Drop Columns with all elements are missing values
hoangdungt2 opened this issue · comments
josevut2 commented
Hi,
In pandas dropna
there is a how
flag to specify how the dropna
works (any
or all
).
In Deedle.Frame
, there is only dropSparseCols
which is same as pandas.dropna
for any
. I wonder if we can add the case of all
(drop column if all values are missing). I look at the source code for dropSparseCols
let dropSparseCols (frame:Frame<'R, 'C>) =
let newColKeys, newData =
[| for KeyValue(colKey, addr) in frame.ColumnIndex.Mappings do
match frame.Data.GetValue(addr) with
| OptionalValue.Present(vec) when vec.ObjectSequence |> Seq.forall (fun o -> o.HasValue) ->
yield colKey, vec
| _ -> () |] |> Array.unzip
let colIndex = frame.IndexBuilder.Create(ReadOnlyCollection.ofArray newColKeys, None)

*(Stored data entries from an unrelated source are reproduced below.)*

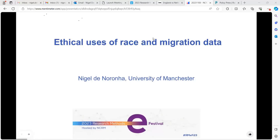Today's topic is ethical uses of race and migration data. This really feels like a topic it would be great to be in the same room for, because people will have questions coming up as we go along. To facilitate a more discursive approach, if you have questions when they pop in your mind, put them into the Q&A and I'll try to pick them up as we go along.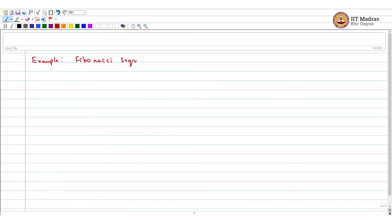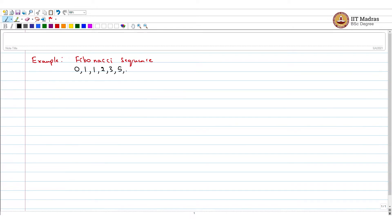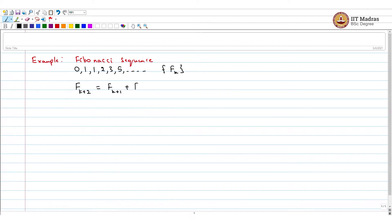I hope everyone is familiar with the Fibonacci sequence, and linear algebra would let us answer some interesting questions about this sequence. Everyone knows you start with 0, 1 and keep on adding the previous two numbers to get the next — so after this it is 2 plus 1 is 3, 3 plus 2 is 5, and so on. If you want to write it as a recurrence relation, this sequence can be denoted F(k), where F(k+2) equals F(k+1) plus F(k).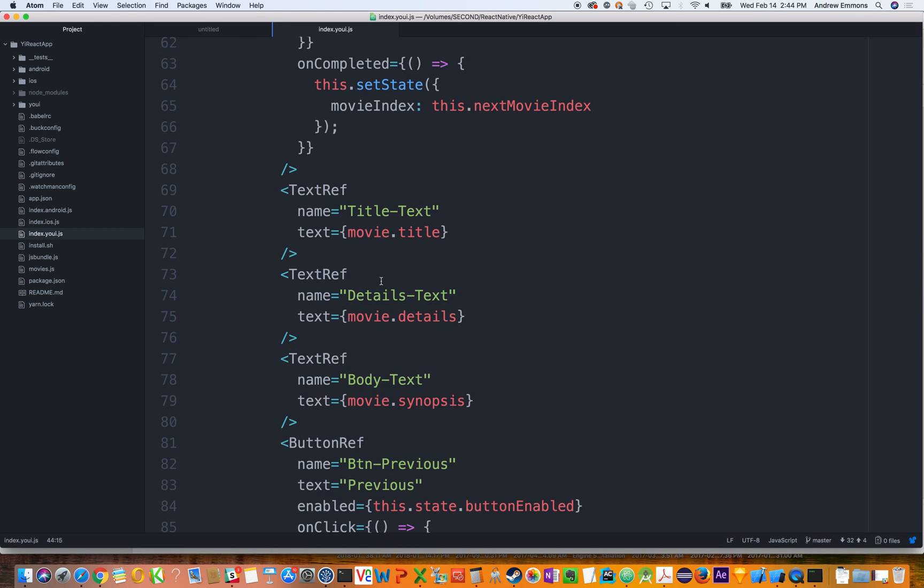What we're able to do is add additional tags that reach in there to bind the components within that external file to a component within React Native via our ref syntax. And once that's done, the developer can interact with that just like any other React Native component.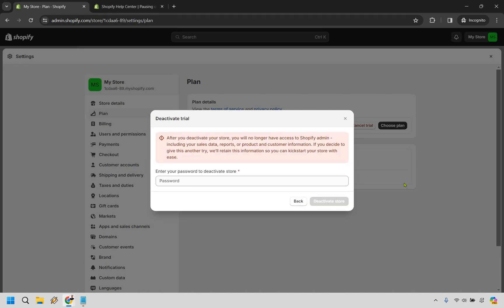Then, of course, after you deactivate your store, you will no longer have access to Shopify admin, including your sales data reports and so on and so forth. All you need to do here is enter in your password. Once you do that, you can simply click on deactivate store. And that's how you can cancel your Shopify free trial.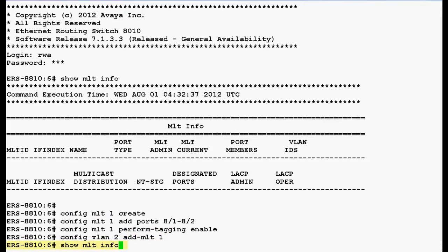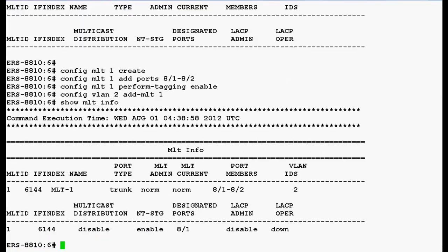Now we will execute the command show MLT info to display the MLT configuration on ERS8600 switch. In the output, we can see that MLT1 has been configured on ERS8600 switch, which contains port 8/1 and 8/2.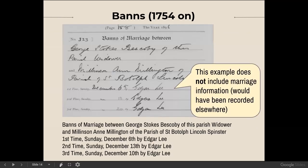Here's an example of a very simple banns record, which lists the names of the potential bride and groom, the parish where they're living, and the three dates on which the banns were called. Interestingly, this record of banns does not include any information as to whether the marriage took place or not. The marriage may have taken place or maybe it didn't. If it took place, it would have been recorded elsewhere. I have seen banns where the clergyman made a handwritten note about whether the marriage took place, but this example had nothing.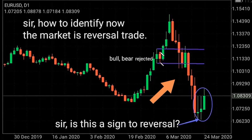But here the bull-bear is rejected — bull candlestick, bear candlestick — rejected. Why? Because this is a harami. This candlestick's previous candlestick high to low is inside close: harami. And also this bull-bear candlestick is harami — previous candlestick high to low, inside close.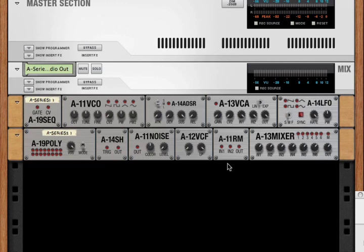Well, that's the A11 ring modulator and the A12 VCF voltage control filter.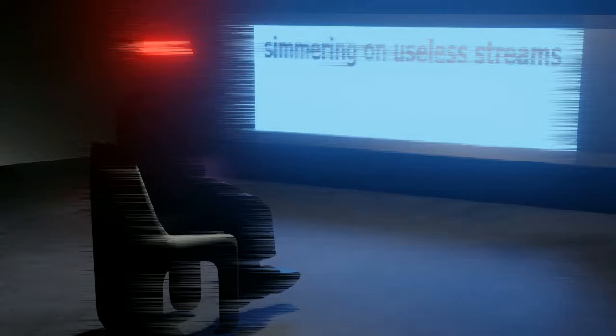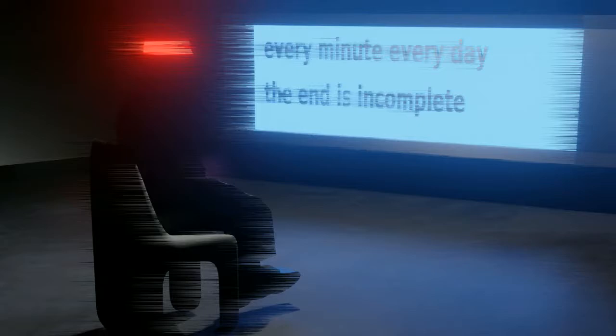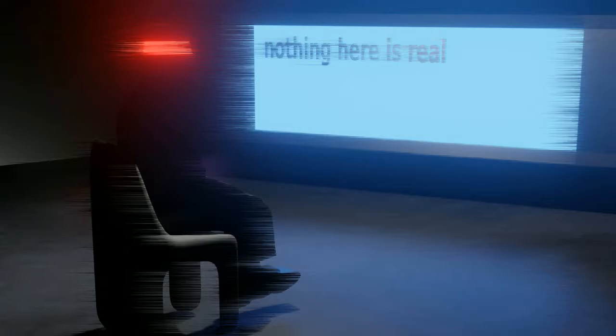Stumbling on useless streets. The time we had to dream, every minute, every day. The end is incomplete. Nothing here is real, nothing here to feel.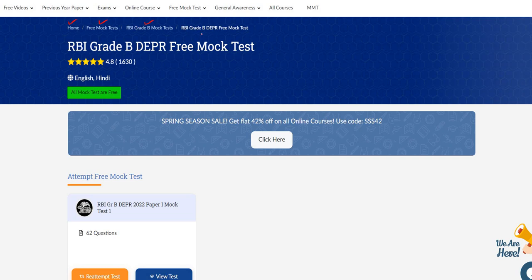Under RBI Grade B DEPR free mock test, you will find the free mock test which you can attempt free of cost, so that you know what is the level of your current preparation. In case you need any kind of guidance, you can contact us.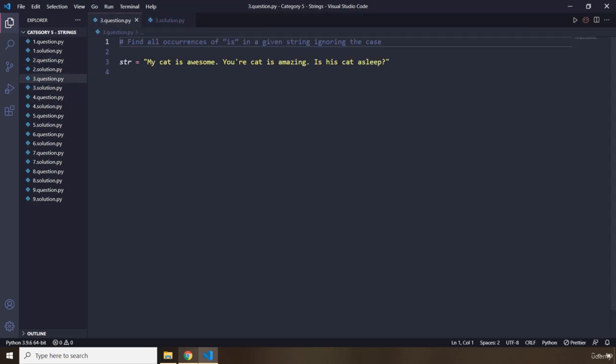Question number three says find all occurrences of 'is' in a given string, ignoring the case. So whether 'is' is lowercase or uppercase, we don't care — just find its occurrences. Go ahead and pause the video; you're going to see my solution after three seconds.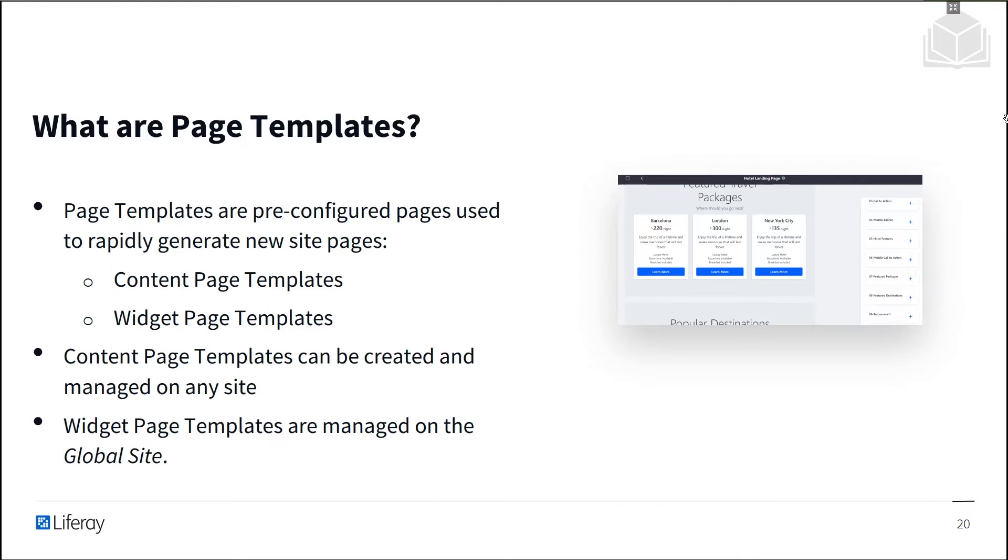Widget page templates are the traditional kind of page templates that have been supported by Liferay for many versions. You can define a layout template, add widgets, also known as portlets, and configure both these portlets and the page itself. Widget page templates are managed on the global site so that they're available to be used in any site.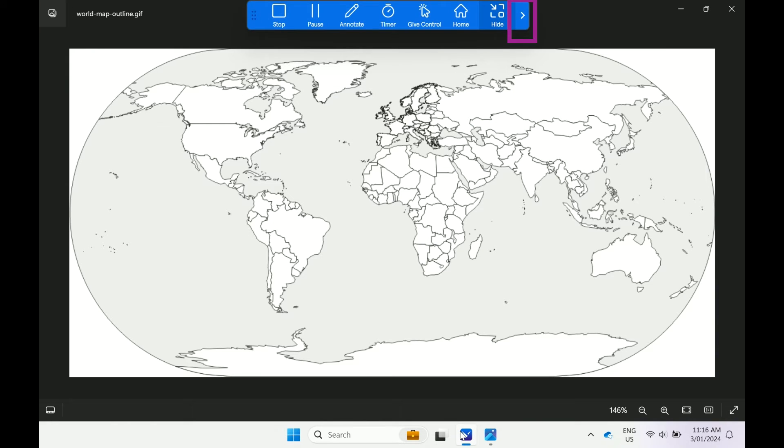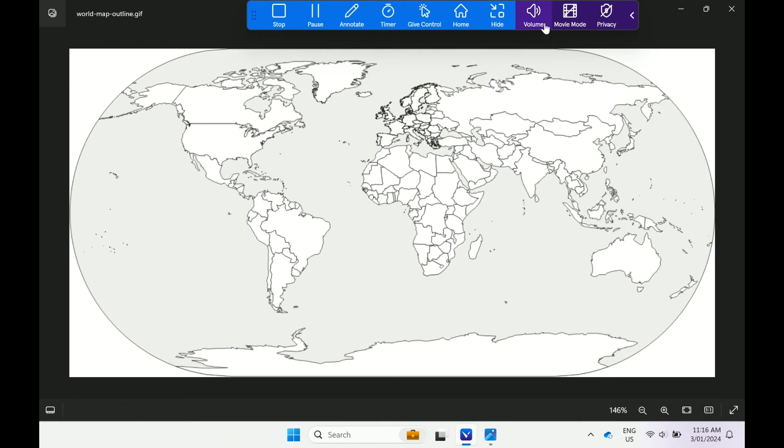Clicking the arrow will expand the toolbar for additional feature access. Volume adjusts volume levels of the Vivi display.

Frame(frame.RowIndex, colIndex, frame.VectorBuilder.Create(newData), frame.IndexBuilder, frame.VectorBuilder )
I notice just need to change Seq.forall
to Seq.exists
, then we will achieve the how=all
case.
Wonder if it can be added in the future release
Zhenyong Zhu commented
Thanks for the suggestion. I've added dropEmptyRows
and dropEmptyCols
. Will include it in the next release.